Food & Drink

Review: Pickles Pub Swings Back Into Action

Despite coming off of a difficult year, the gameday watering hole across from Camden Yards is crushing it.
The crabby patty burger and an orange crush. —Photography by Scott Suchman

There aren’t many sounds that tickle Tom Leonard’s ears more in Pickles Pub than the roar of the crowd from across the street at Oriole Park at Camden Yards.

There’s a slight delay on the television feed of the ballgame, so Leonard, who co-owns the bar, knows that, in a matter of seconds, most of his customers (assuming the Yankees or Red Sox aren’t in town) will break into cheers of their own.

Hearing those hoots and hollers on April 8, when the O’s played their first home game in front of fans in 18 months, was like “a large weight coming off my shoulders,” he says. The bar was packed, which in the spring of 2021 means something different than it has for most of Pickles’ more than 30 years as the preeminent before-, during-, and after- the-game watering hole.

Despite coming off a difficult year, business has been booming since this baseball season began.

“It’s like night and day,” says Leonard, who is also the bar’s general manager. “Weather and baseball are huge factors for us. Things look a lot brighter.”

Leonard and his partner never considered closing Pickles permanently, but they made changes to the way they do business in order to mitigate dramatic drops in sales.

Fans who return this season might notice that pizza is no longer available, but staples like the house-made crab pretzel, wings, fries, and tots still are. (Curiously, fried pickles are absent from the Pickles menu.) One of the biggest changes in the kitchen is that meat for burgers is now ground on site daily. Pickles uses a mixture of 40 percent brisket and 60 percent chuck, and the result is a delicious, flavorful, and juicy patty.

At the many picnic tables outside and tables and bar spots in the expansive interior, no shortage of Budweisers, Miller Lites, and Natty Bohs flow. Buckets of 16-ounce domestics go for $17, while premiums, which include Union Duckpin, Flying Dog’s Snake Dog IPA, and Terrapin IPA, are $24.

Don’t sleep on Pickles’ fresh-squeezed crushes. Lemon, lime, and grapefruit are available, but how could an Orioles fan pass on the orange variety, made with Deep Eddy orange vodka, triple sec, and Sierra Mist. A 32-ounce cup of refreshment costs $9.99.

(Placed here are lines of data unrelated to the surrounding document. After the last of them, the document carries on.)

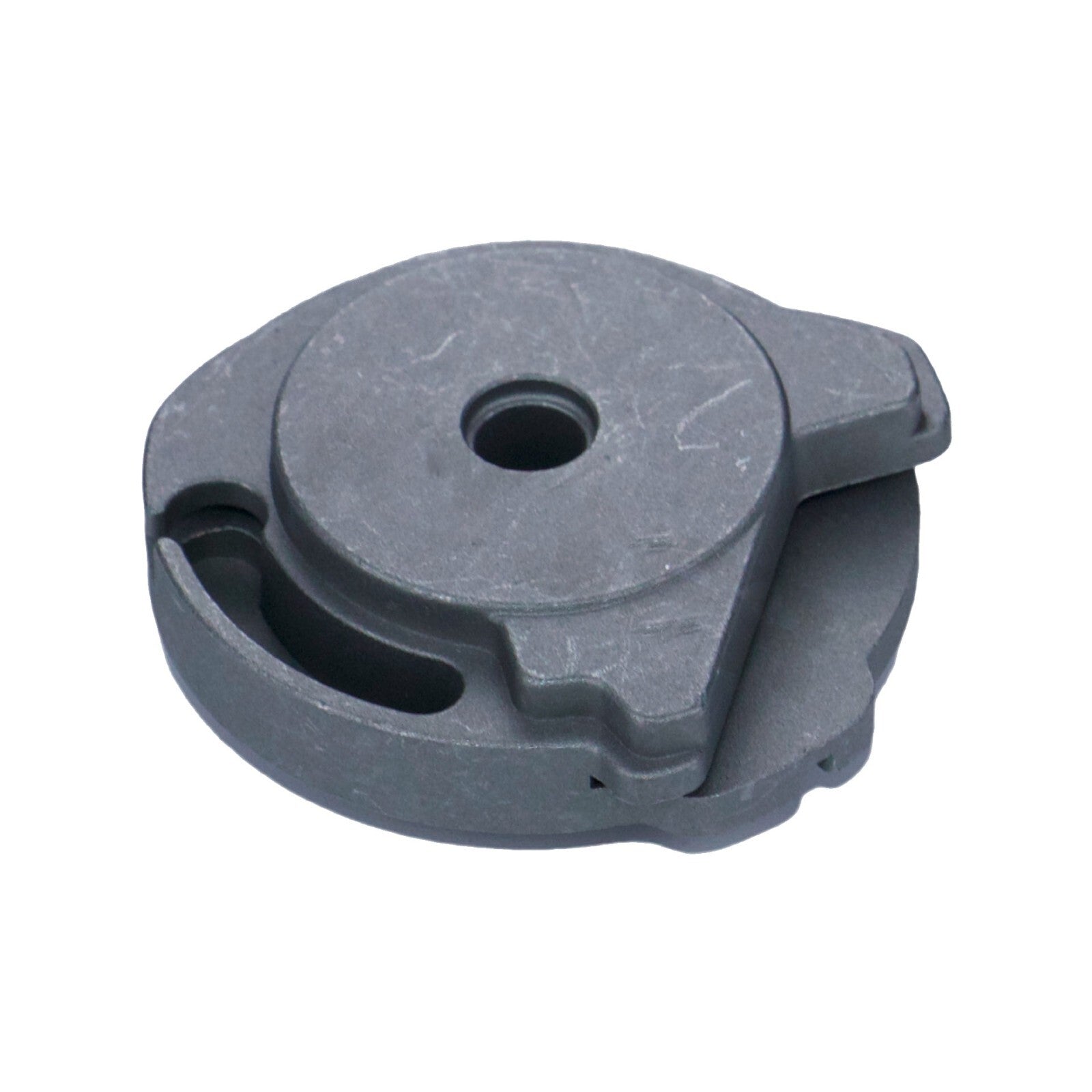 for Land Rover for Range Rover for Range Rover Sport Door lock actuator genuine LR108980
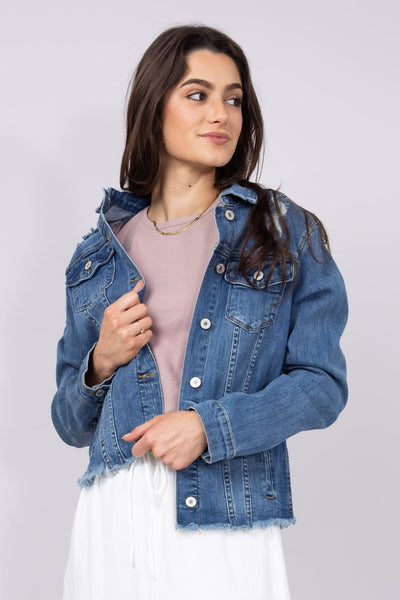 004-Kancan-Denim-Jacket-for-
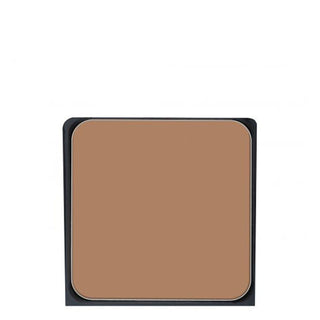 Perfect Finish Foundation Refill - Nr.08 Creamy Almond Touch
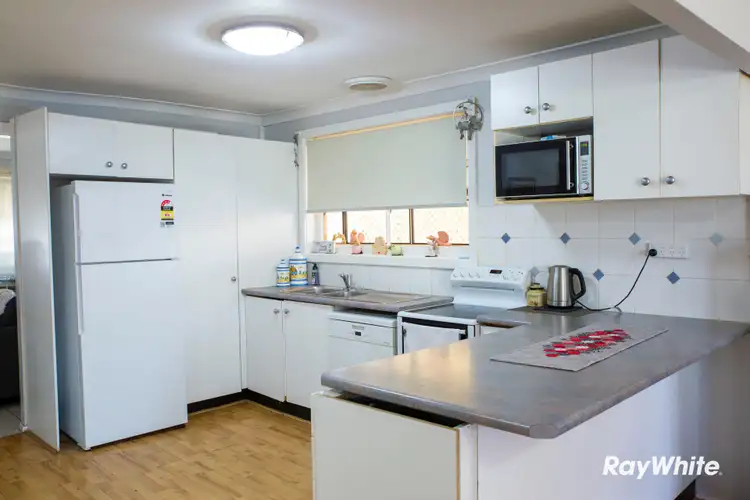 Sixth view of Homely house listing, 52 Tambaroora Crescent, Marayong NSW 2148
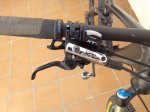 IMG-20160131-WA0021.jpg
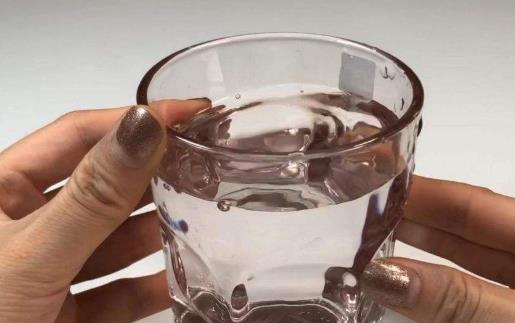 减肥总是失败 掌握5种减肥小技巧轻松瘦身-八福集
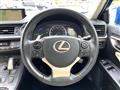 2018 Lexus CT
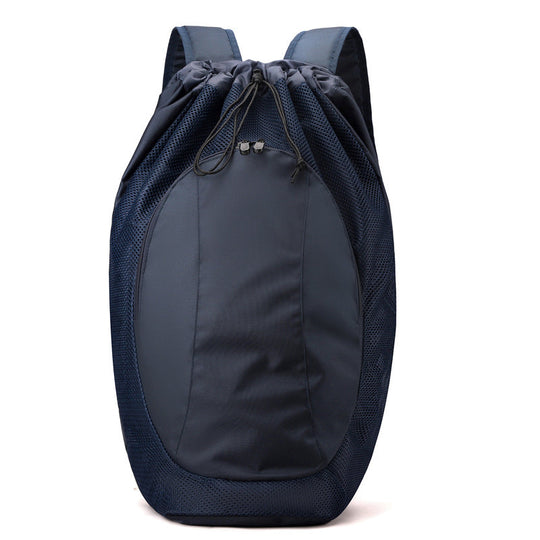 Rochie de damă cu croială modernă 5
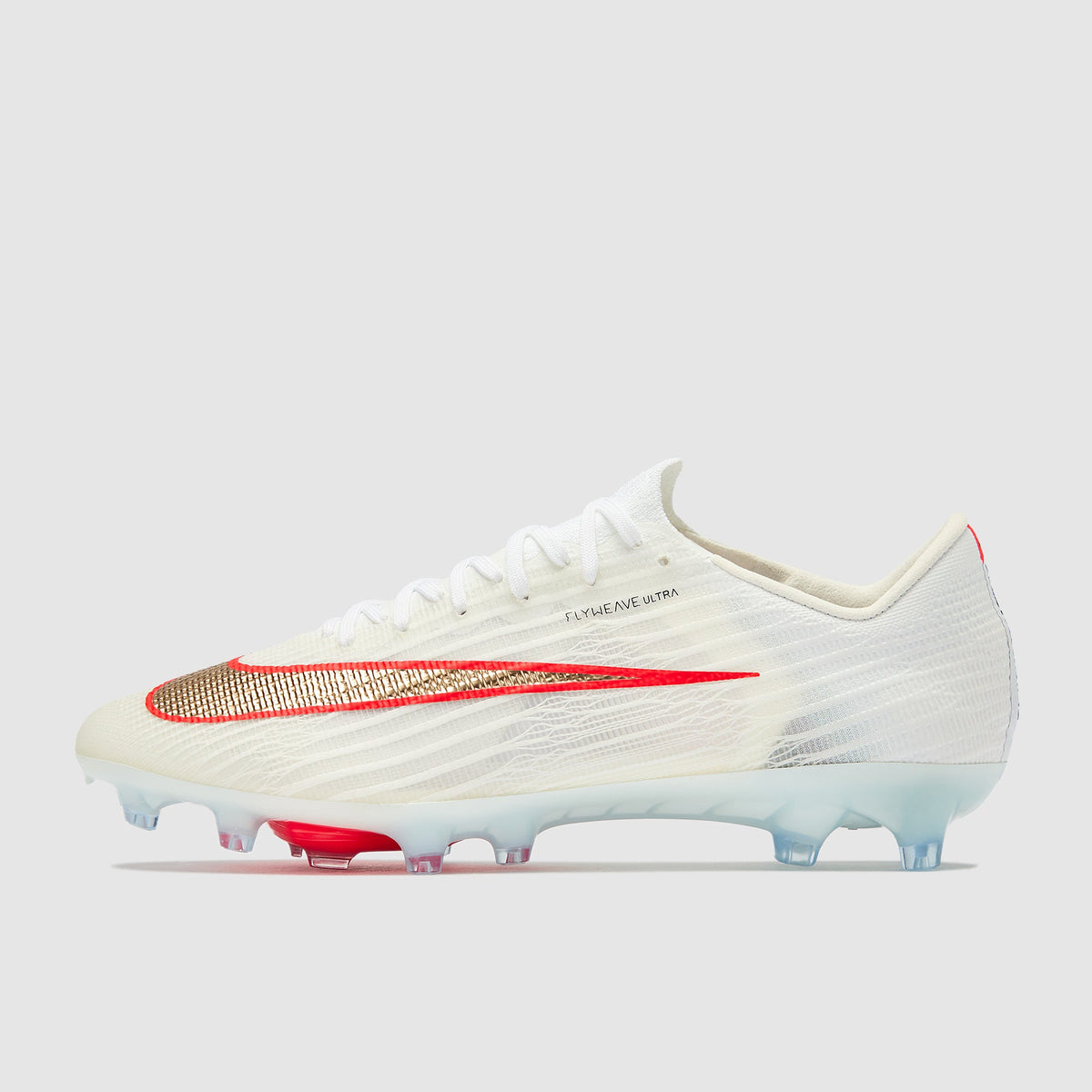 Nike Air Zoom Mercurial Superfly XI Elite AG-Pro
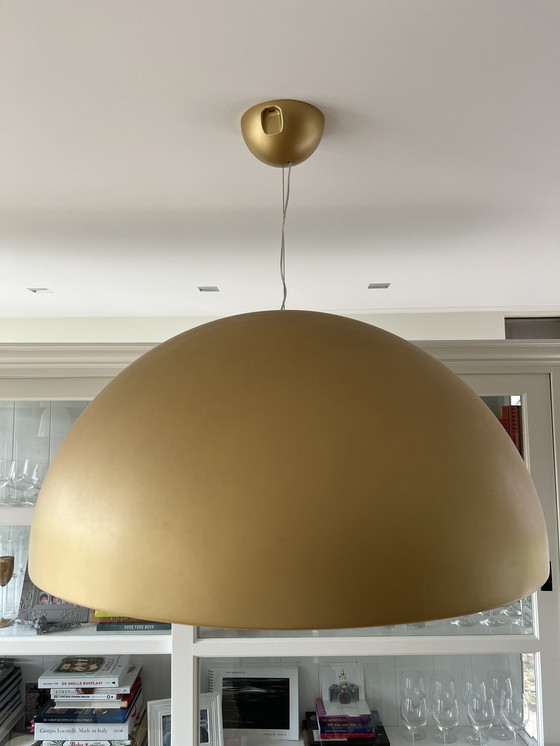 Image 1 of Flos Skygarden 2 Gold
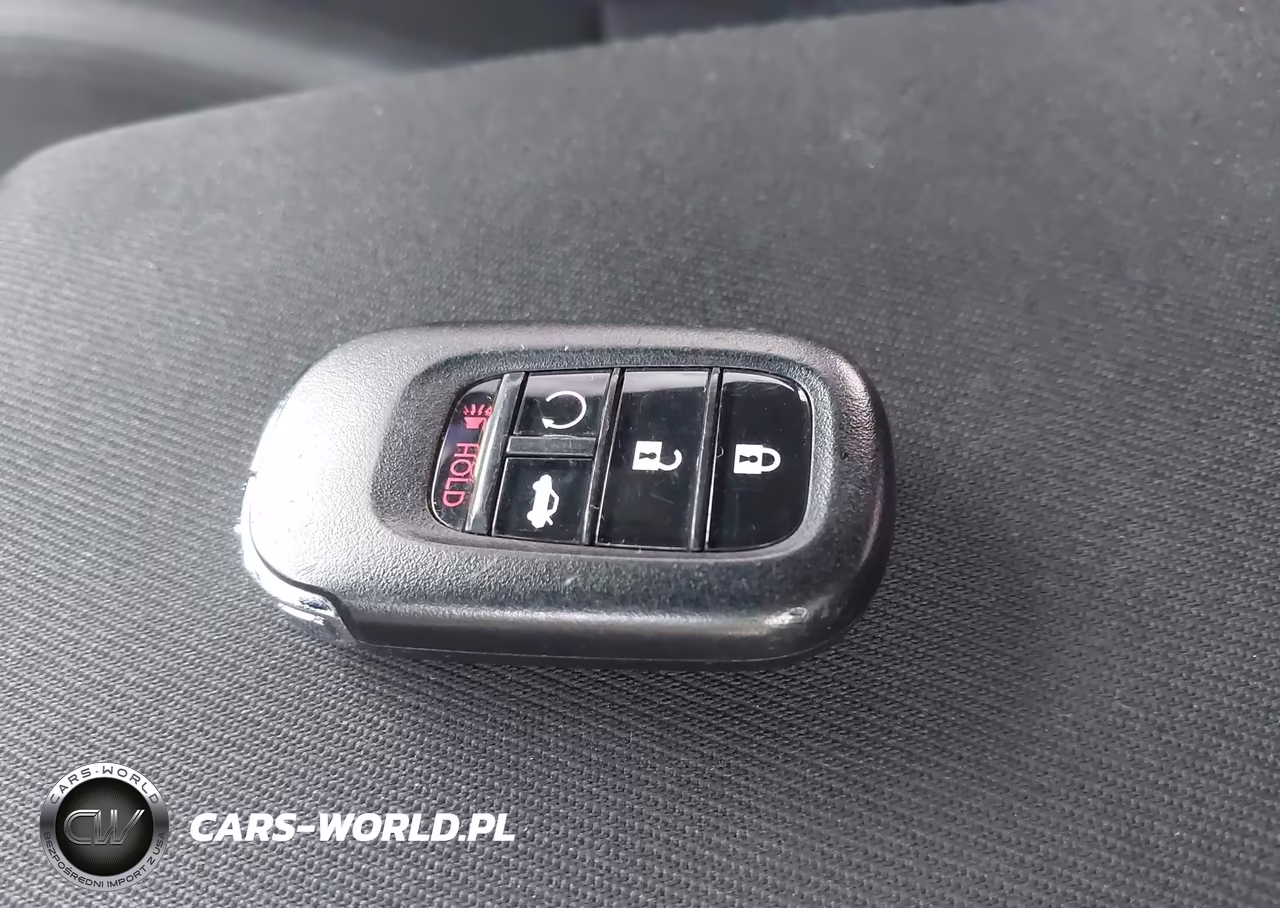 2023 Honda Civic Sport VIN:2HGFE2F52PH543402 - 11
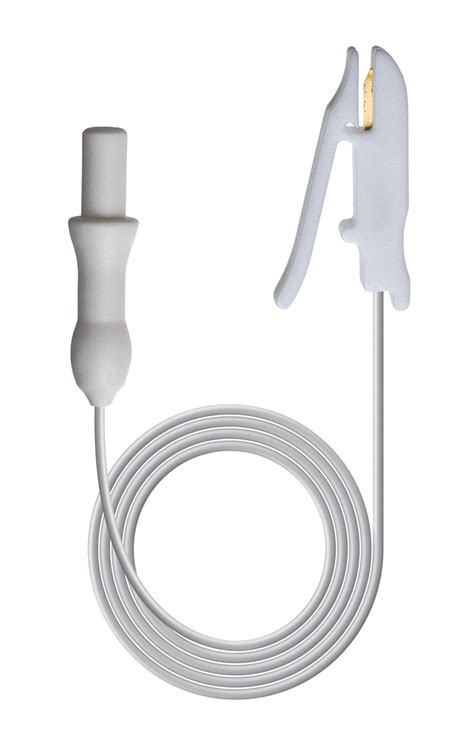 Central Venous Catheter Kits Optimum Ecg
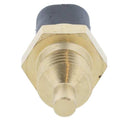 THROTTLE SENSOR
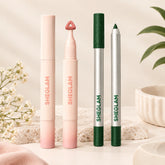 2_Sheglam_Marshmallow_Puff_Lip_Blur_Pen_1_Boldline_Eyeliner_Gel_bundle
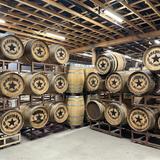Arizona Distillery Company
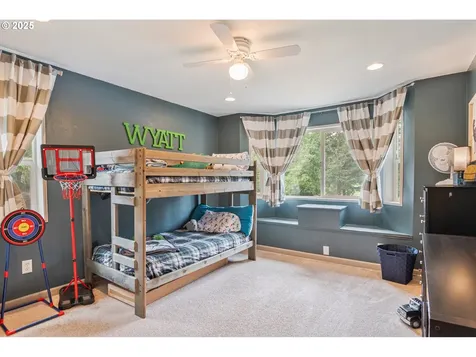 125 Dalyn Court Kalama WA 98625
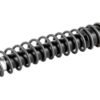 LASERMAX LMS-1131 FOR GLK 19 GEN 1-3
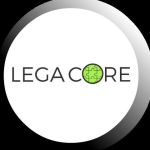 Legacore Solutions Profile Picture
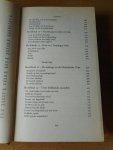 Jong, L. de - Het koninkrijk der Nederlanden in de tweede wereldoorlog. Deel 4. Mei '40 - maart '41. Eerste helft.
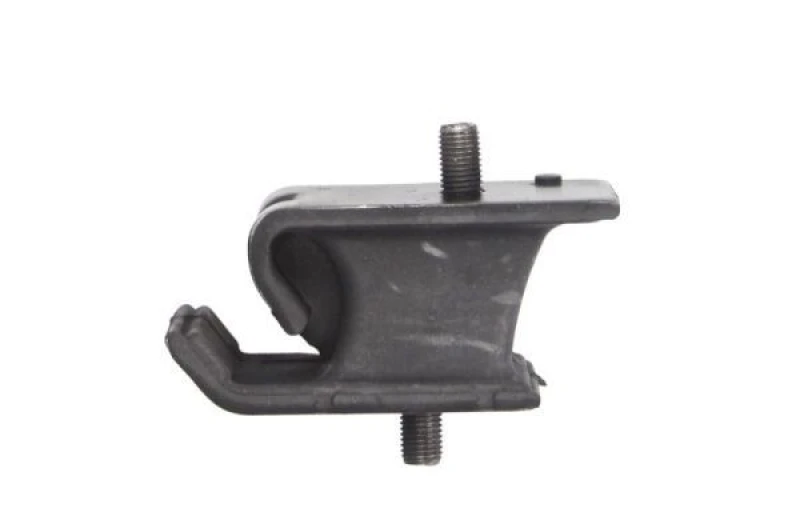 Image of YAMATO Engine mount YAMATO I55084YMT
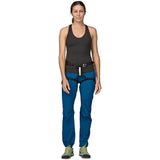 Patagonia Maipo Tank Women's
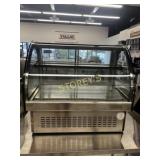 Vollrath 3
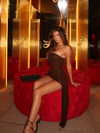 solveyyyy Altpins Profile Picture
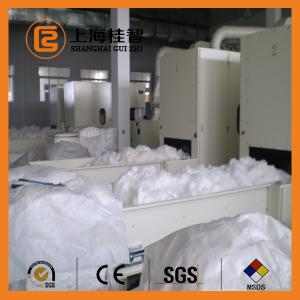 Wholesale Flushable Toilet Wipes Household Wipes Non Woven Flushable Bathroom Wipes from china suppliers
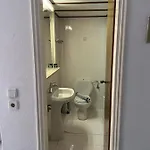 Smart Rhodes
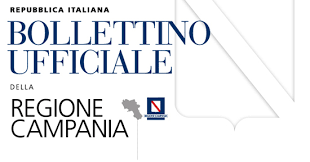 Burc Campania Tuttosanita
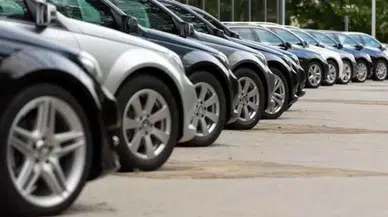 Otomotiv devi ülkeden çekiliyor: Satışları tamamen durduracak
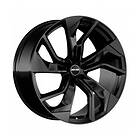 GMP GMP Rebel glossy 10,0x22 5/112,00 ET19 B66.5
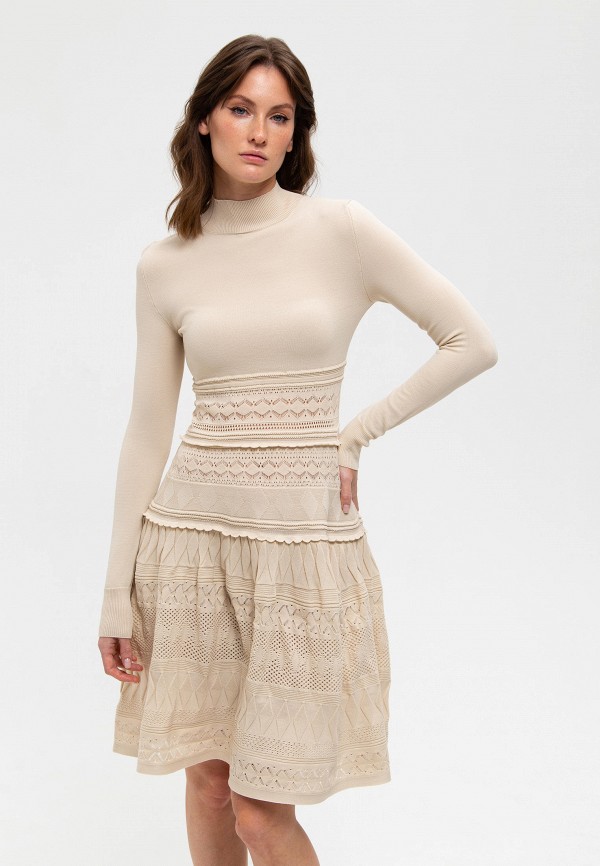 Платье Fors 9490₽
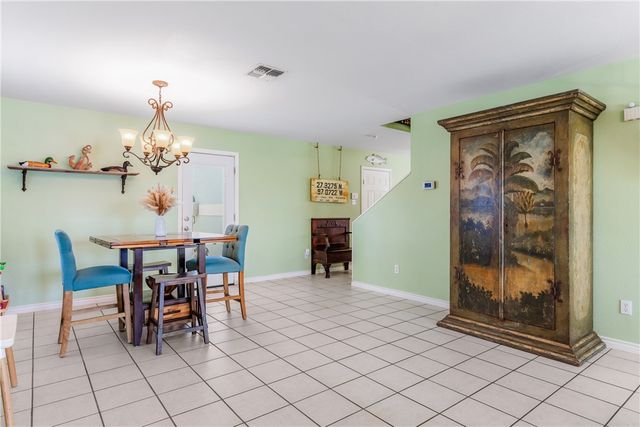 13714 Captain Kidd Dr, Corpus Christi, TX 78418
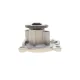 Помпа води Renault Clio/Scenic/Megane/Kangoo/Nissan Qashqai/Juke 0.9-1.2-1.4TCe/1.6 09- (B/B)(8 лоп)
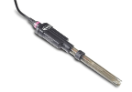 IntelliCAL™ PHC301 štandardná plniteľná pH elektróda, kábel 3 m
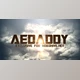 Cinema Opener (Videohive 234920)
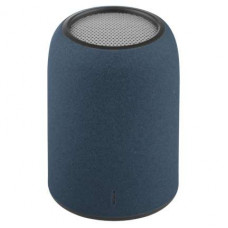 Беспроводная Bluetooth колонка Uniscend Grinder, тёмно-серая-114_2100197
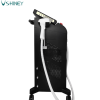 3 wavelength Sopra ICE Platinum XL diode  laser hair remover machine - Image 5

On a Thursday late in April, about an hour before the Orioles went on to beat the Yankees in a glorious Thursday afternoon extra-inning affair, the crowds were back at both Pickles and the ballpark, and all felt right with the world.

“With us, there was never a question of ‘Are we going to make it?’ It was more like, ‘How much of a sacrifice are we going to have to make?’” Leonard says. “My partner and I both realized that we’re where we’re supposed to be, and we’re doing what we want to do.”

Thousands of baseball fans who have flocked back to Pickles this season know exactly what he means.